### TASK OBJECTIVE
The output should match, line for line, the records from the line containing "stone covered with bright orange lichen closeup stone" through the line containing "Flower Pot-tery", with every picture left out.

### STUDY MATERIAL
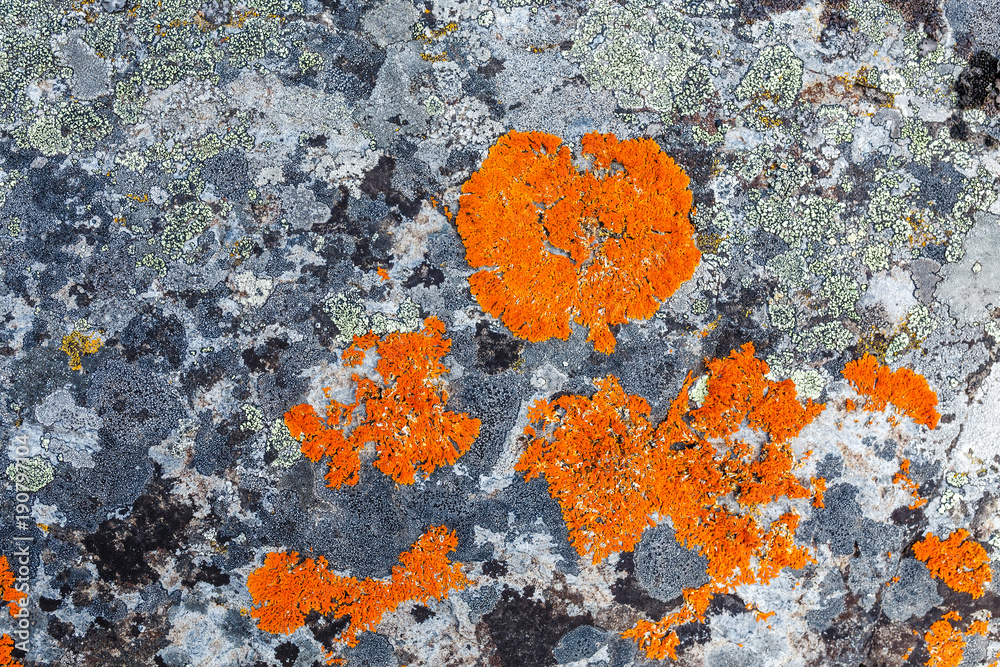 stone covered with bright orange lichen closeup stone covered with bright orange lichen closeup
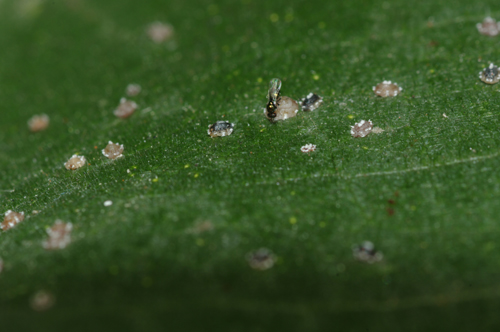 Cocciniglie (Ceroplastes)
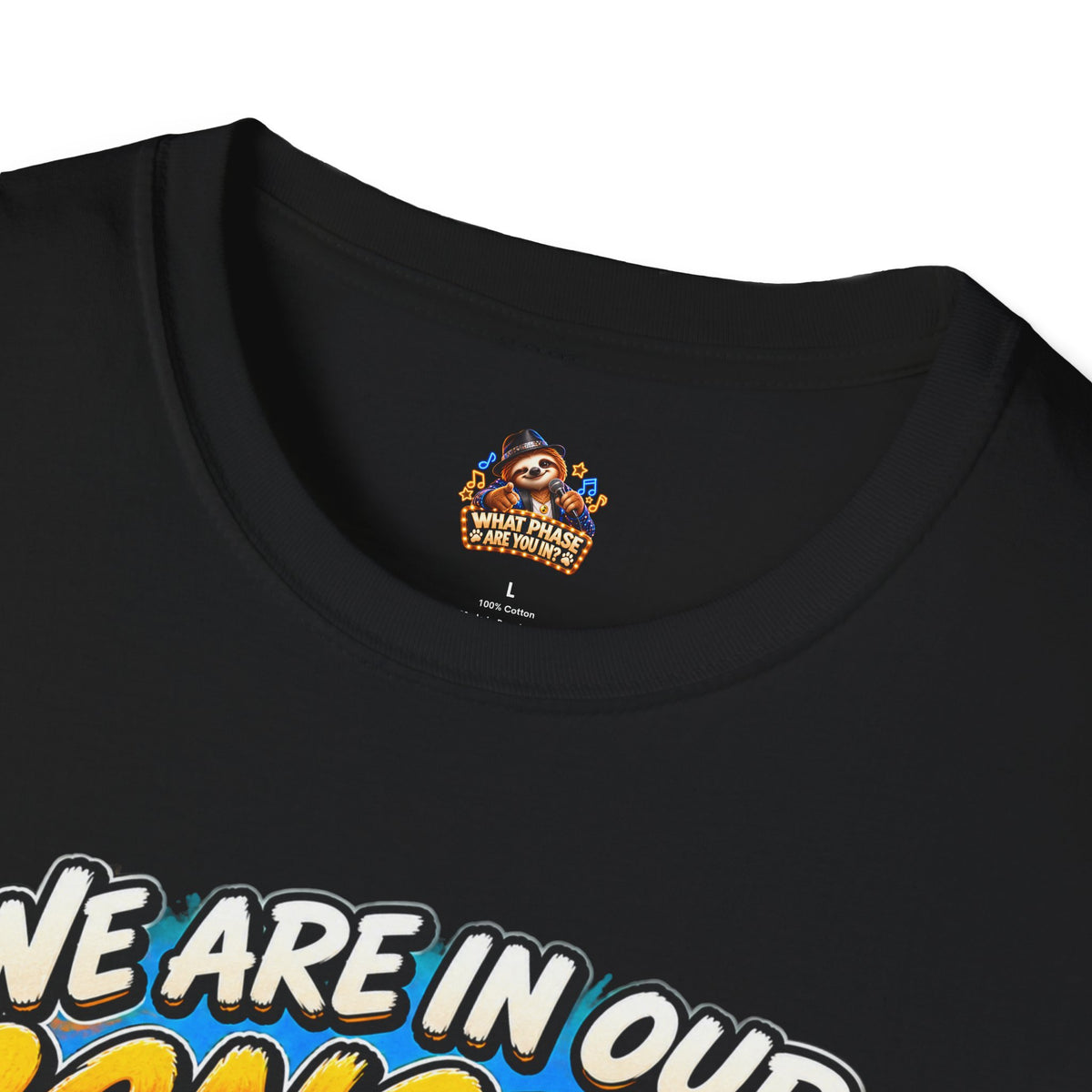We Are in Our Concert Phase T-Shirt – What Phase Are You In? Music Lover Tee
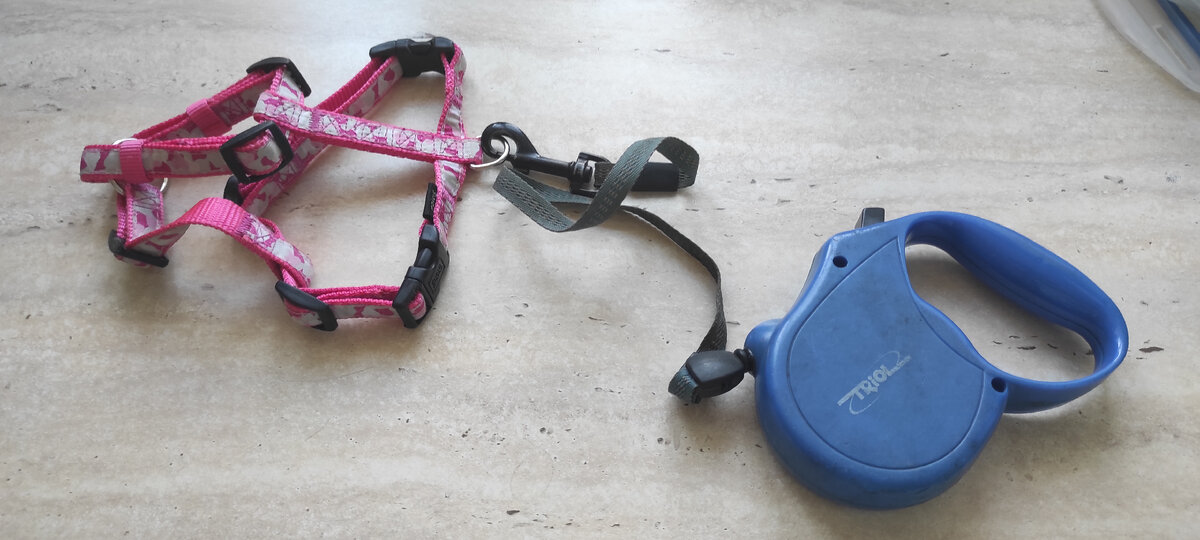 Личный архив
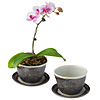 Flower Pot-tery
==
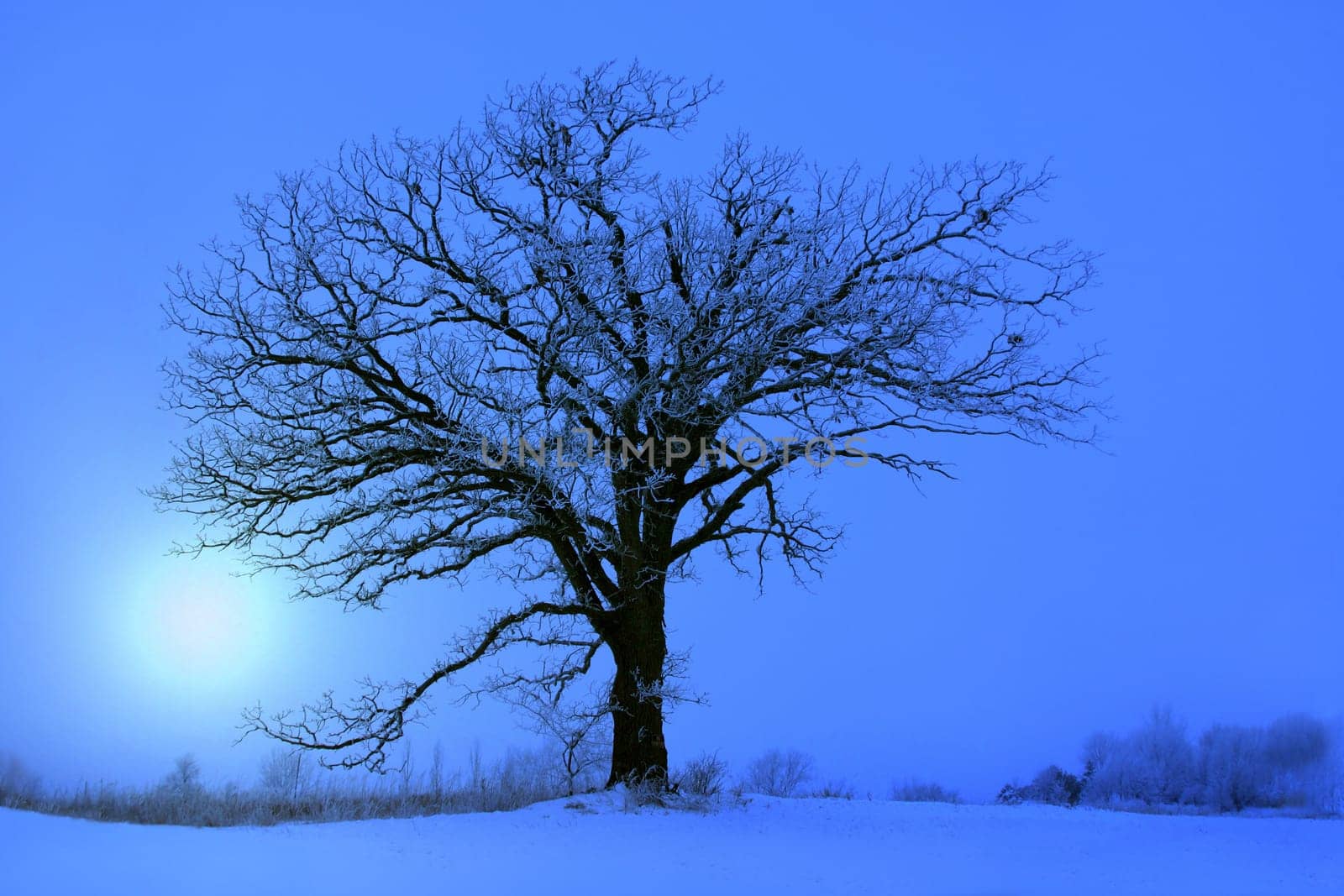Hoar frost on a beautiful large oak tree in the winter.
==
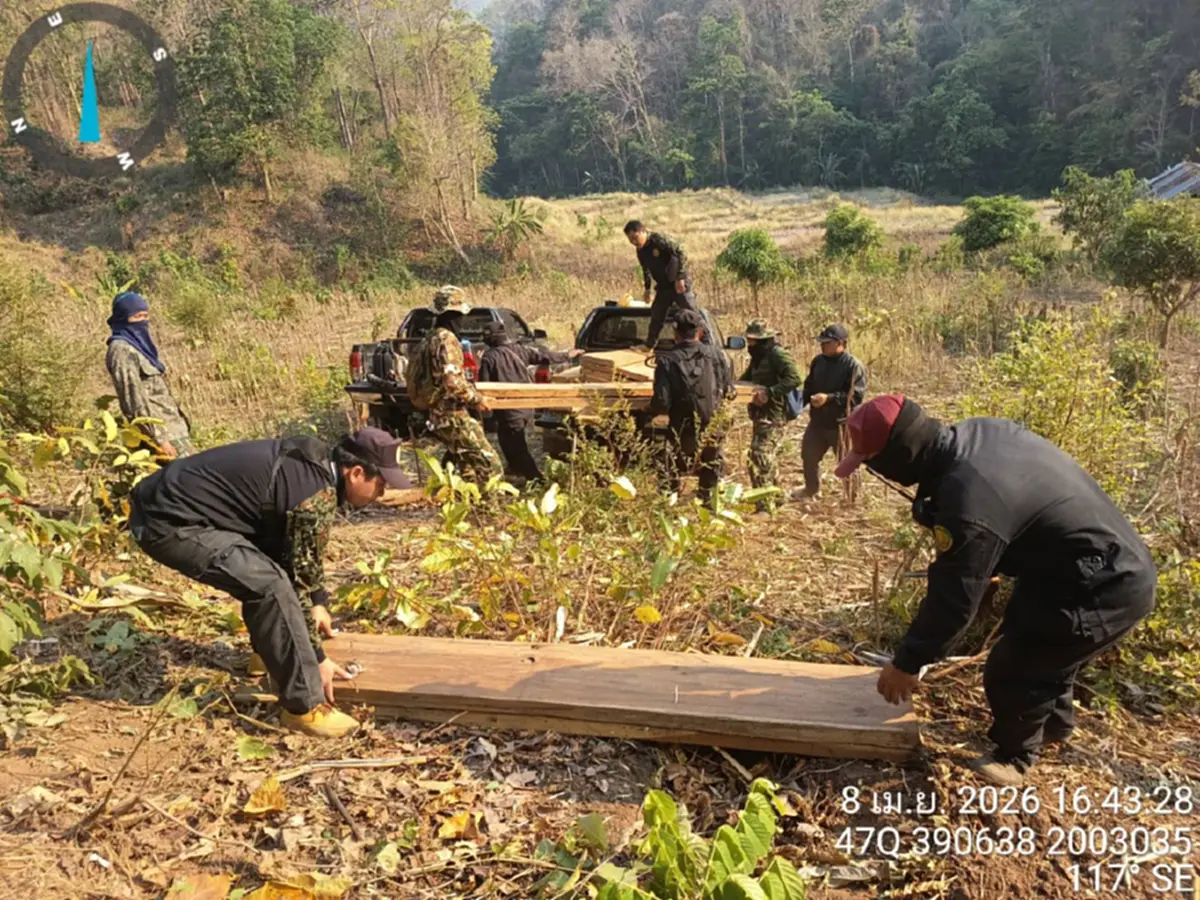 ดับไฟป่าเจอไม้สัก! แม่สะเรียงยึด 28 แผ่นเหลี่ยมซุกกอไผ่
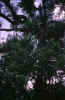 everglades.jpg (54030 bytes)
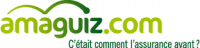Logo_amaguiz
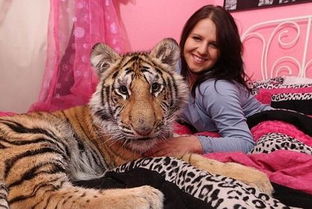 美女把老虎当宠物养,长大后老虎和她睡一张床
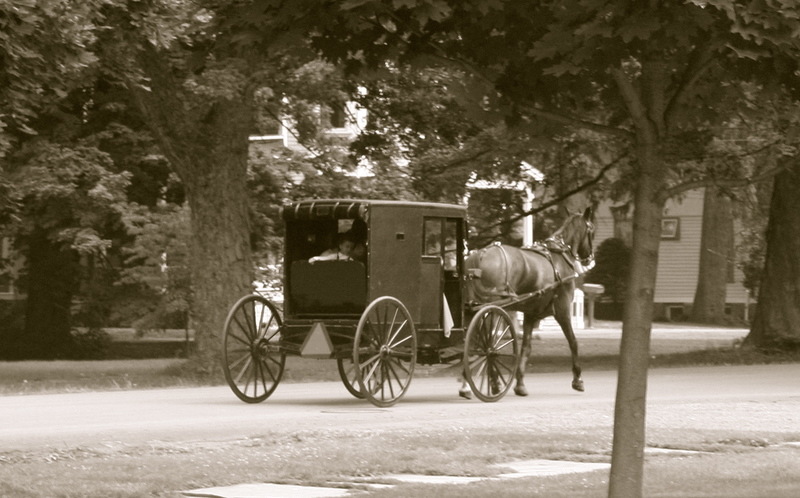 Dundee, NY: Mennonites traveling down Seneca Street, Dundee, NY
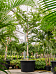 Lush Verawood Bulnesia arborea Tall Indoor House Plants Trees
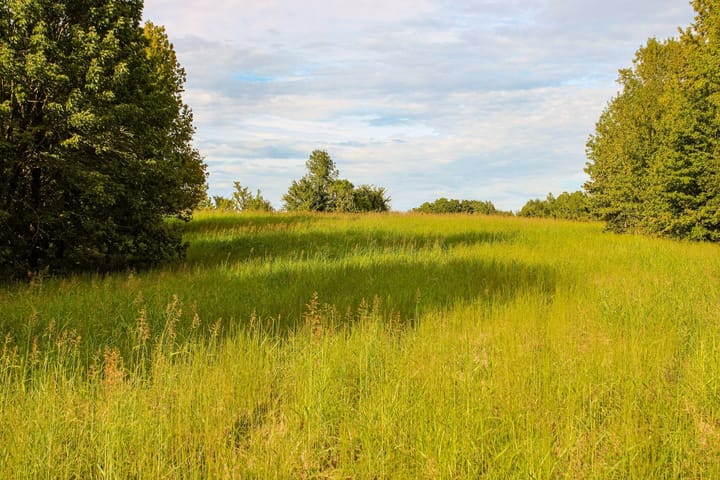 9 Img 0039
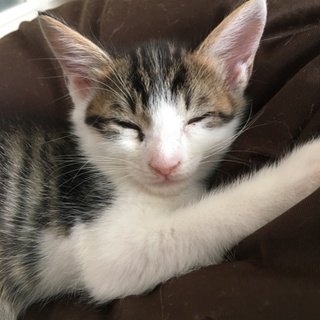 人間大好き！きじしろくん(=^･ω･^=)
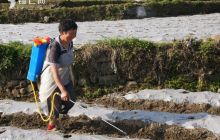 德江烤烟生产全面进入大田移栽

### TASK OUTPUT
 stone covered with bright orange lichen closeup stone covered with bright orange lichen closeup
 Cocciniglie (Ceroplastes)
We Are in Our Concert Phase T-Shirt – What Phase Are You In? Music Lover Tee
 Личный архив
 Flower Pot-tery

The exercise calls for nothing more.